GOAL OF THE EXERCISE: Output, exactly as written, the lines below from the one that has "ПО 1С Бухгалтерия" through the one that has "מכשיר לטיפול גב משולב"; nothing else, and no pictures.

---------- INPUT DATA ----------

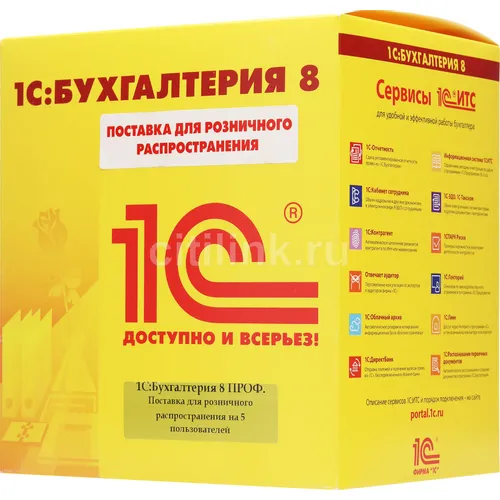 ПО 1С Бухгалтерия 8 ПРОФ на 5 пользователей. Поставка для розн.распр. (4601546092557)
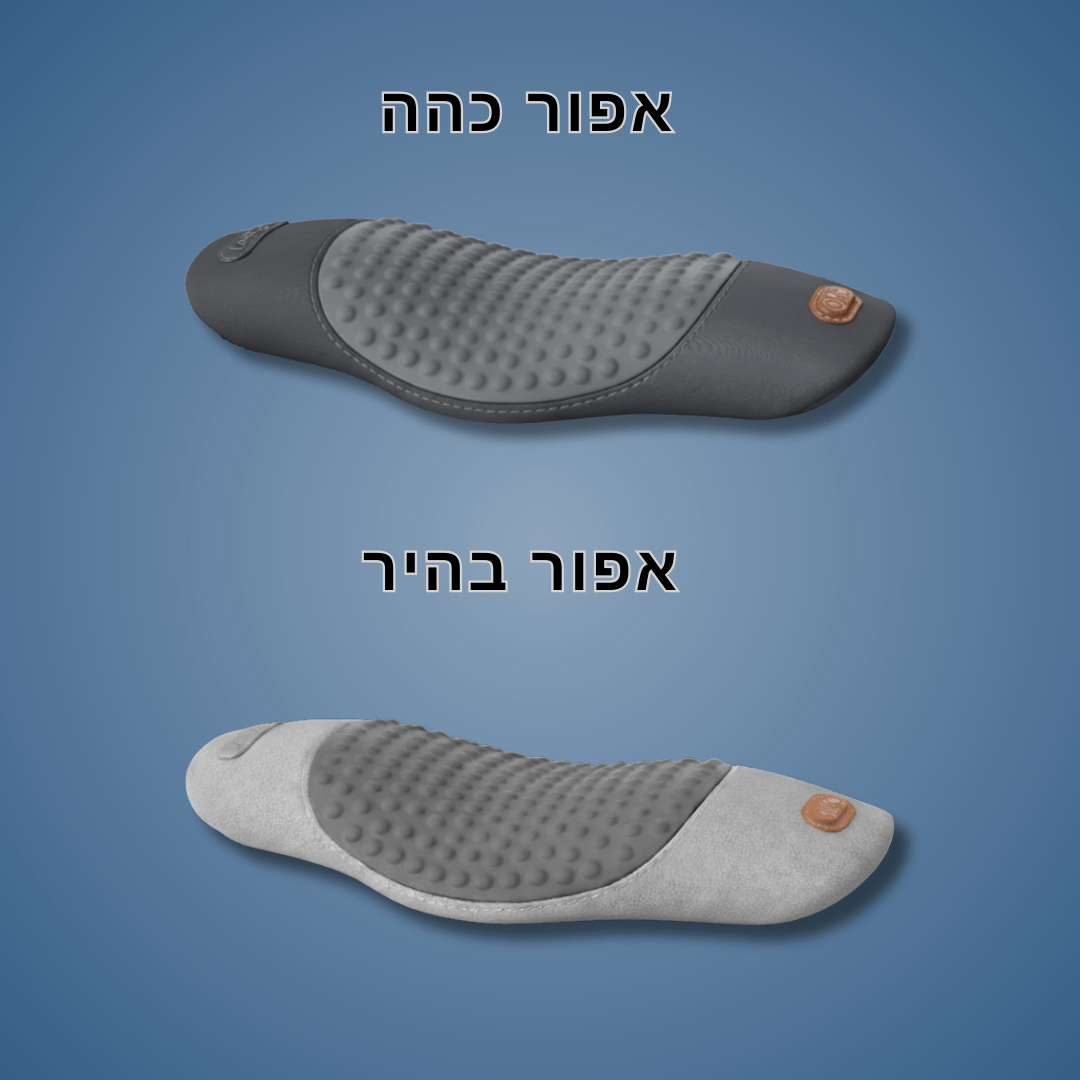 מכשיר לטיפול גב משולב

----------
---------- INPUT DATA ----------

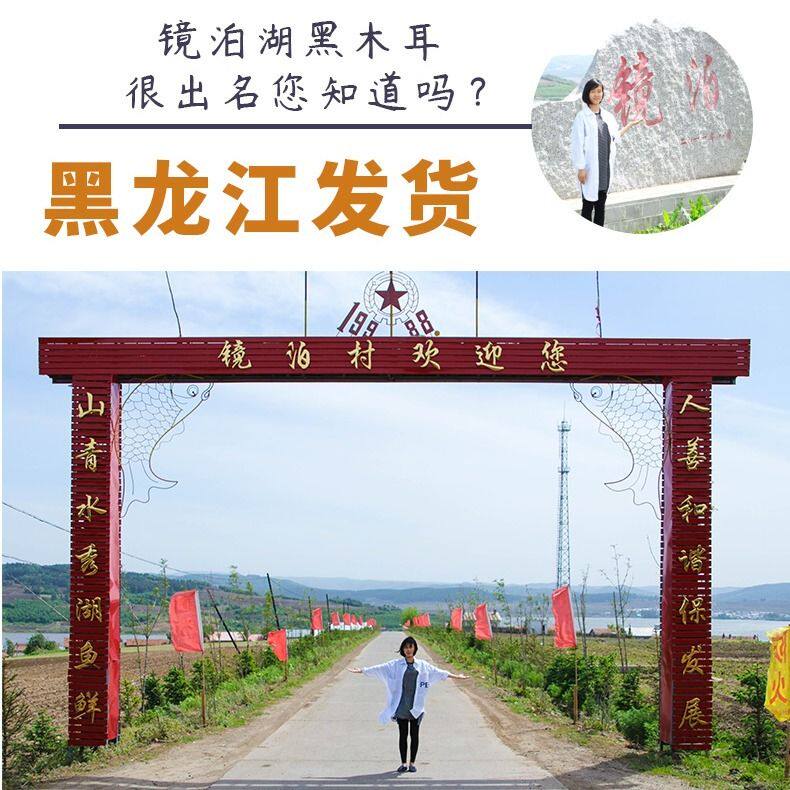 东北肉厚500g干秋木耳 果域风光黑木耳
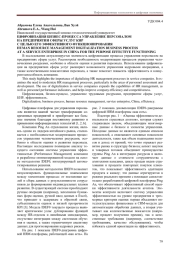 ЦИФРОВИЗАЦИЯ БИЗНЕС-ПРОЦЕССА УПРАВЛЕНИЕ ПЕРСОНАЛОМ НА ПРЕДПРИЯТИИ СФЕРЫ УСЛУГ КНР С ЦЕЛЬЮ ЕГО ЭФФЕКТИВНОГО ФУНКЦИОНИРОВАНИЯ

----------
---------- INPUT DATA ----------

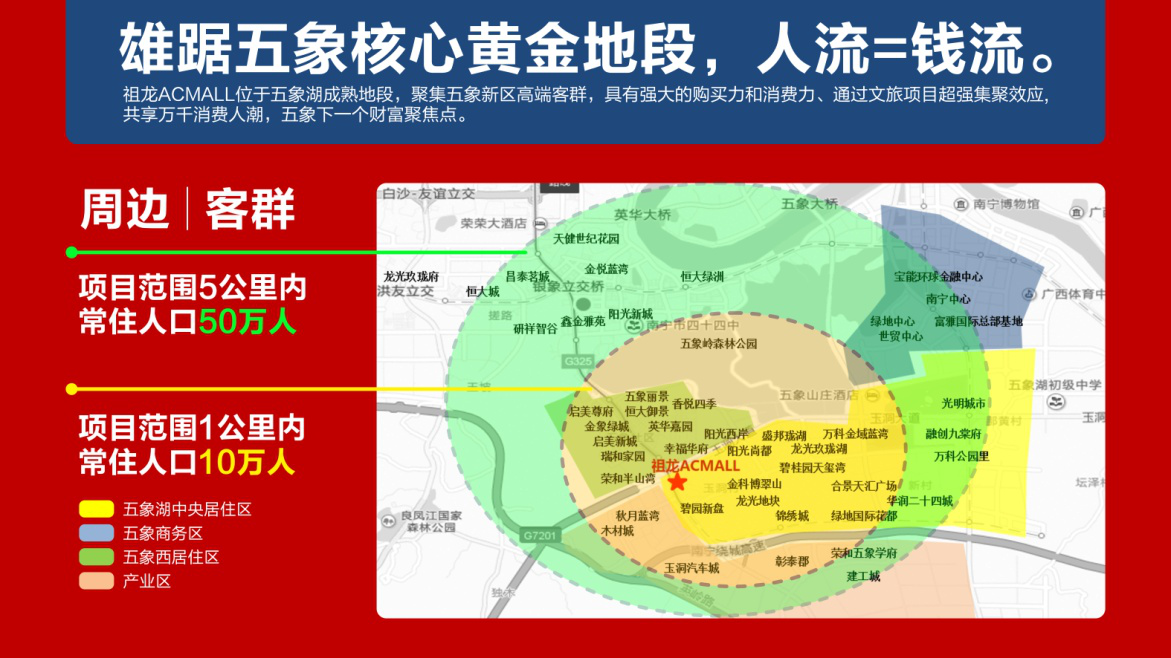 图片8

----------

ANSWER BOX:
 ПО 1С Бухгалтерия 8 ПРОФ на 5 пользователей. Поставка для розн.распр. (4601546092557)
 מכשיר לטיפול גב משולב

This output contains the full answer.